123 Crawford St., Boston
This existing 24-unit Single Room Occupancy (SRO) project for formerly homeless individuals is located in the Trotter Garrison neighborhood of Roxbury. DHCD is awarding funds to the Commonwealth Land Trust to repair and upgrade the building’s envelope and major systems. Two live-in staff and case managers will provide intensive supportive services to a high need target population including individuals with major medical and/or mental health challenges.
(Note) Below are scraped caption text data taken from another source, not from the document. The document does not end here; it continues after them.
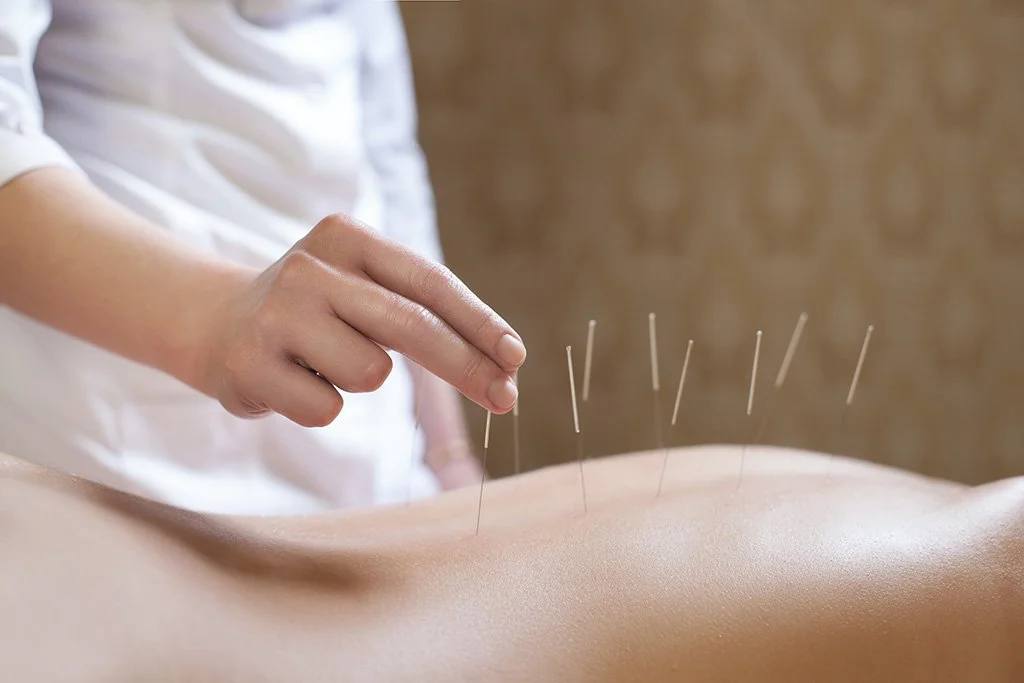 Acupuncture on back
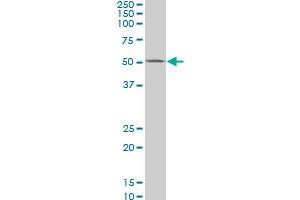 CSNK1G2 monoclonal antibody (M02), clone 2E6. (Casein Kinase 1 gamma 2 抗体  (AA 1-415))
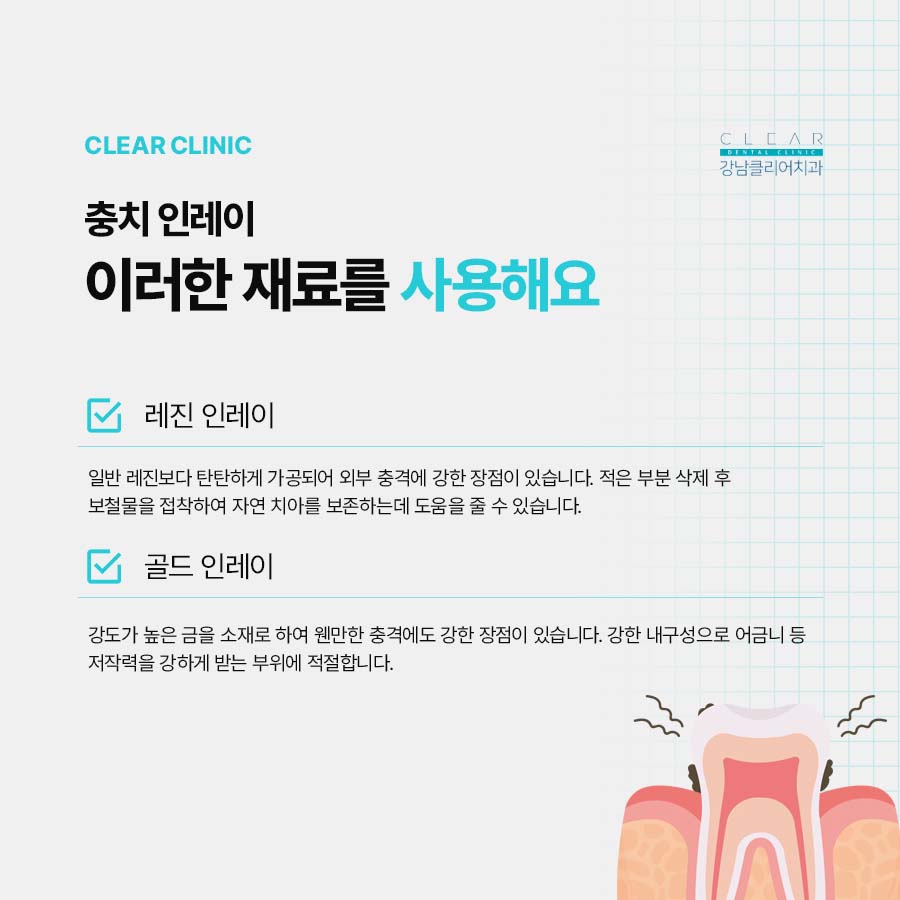 인레이 온레이 치료 다른점은 무엇일까 관련 이미지 5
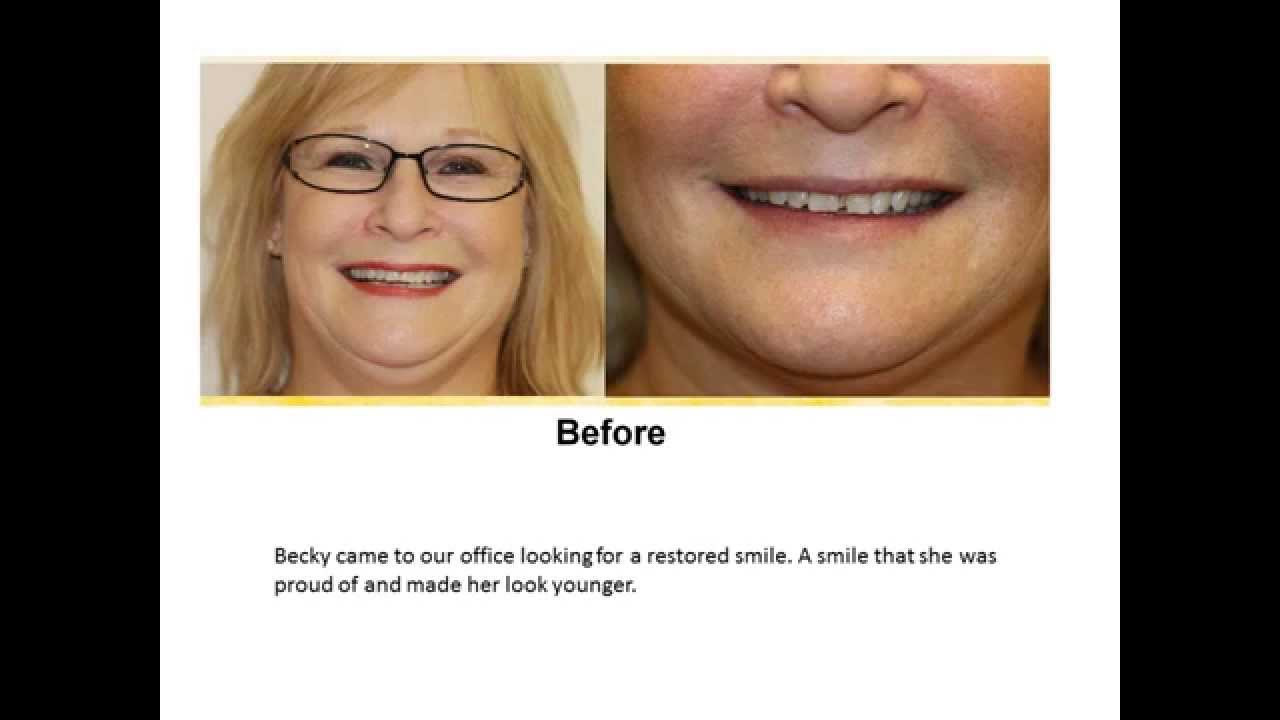 Dental Crowns Before and After - YouTube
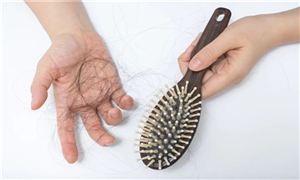 年輕人脫發(fā)的4個(gè)主要原因，防脫生發(fā)洗發(fā)水哪個(gè)牌子好 防脫生發(fā)洗發(fā)水推薦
112-116 Emerson St., Haverhill
This existing 21-unit project provides permanent, supportive sober housing for homeless elders and individuals with disabilities at three properties and is owned and operated by Emmaus, Inc. DHCD is supporting the project with MRVP vouchers with supportive service funding. These enhanced vouchers will assist Emmaus in providing robust housing supports to both CSPECH and non-CSPECH eligible residents.
Opening Doors, Lowell
Alternative House provides emergency shelter, transitional and permanent housing to survivors of DV. DHCD’s capital funds will finance the construction of a new eight-unit DV shelter that will accommodate eight women and up to 14 children. Their existing shelter, an aging single-family home, will be sold and the sales proceeds will help defray the cost of the new building.
420, 423, and 445 Broadway, Lowell
This existing 29-unit project consists of three multi-family properties on Broadway in Lowell. DHCD’s funding will allow Common Ground Development Corporation, an affiliate of Community Teamwork, Inc., to undertake exterior improvements to all three buildings, and convert two standard units into accessible units for residents with mobility impairments.
2033 Ocean St., Marshfield
Marshfield Veterans House will provide supportive housing for eight homeless veterans. With DHCD’s financial support, Neighborworks Southern Massachusetts will convert a town-owned historic property into eight studios and a small archive room for the local historical society. Father Bill’s & MainSpring will provide comprehensive supportive services to the residents.
26 Moulton St., Randolph
Father Bill’s & MainSpring developed a partnership with Envision Bank to construct 10 studio apartments for homeless veterans on a vacant parcel behind the bank. DHCD will provide state and federal funds to finance the construction. In addition to the land, the bank is providing grant funding.
One Salem Square, Worcester
The YWCA of Central Massachusetts is renovating its main building in downtown Worcester including an existing SRO program for women, 12 child care classrooms, and its health and fitness program areas. DHCD funds will allow the YWCA to renovate 41 existing SROs and add six more rooms, for a total of 47 units. The organization has undertaken a capital campaign to renovate the non-residential portions of the building.
DHCD oversees funding and resources to help people in Massachusetts live affordably and safely.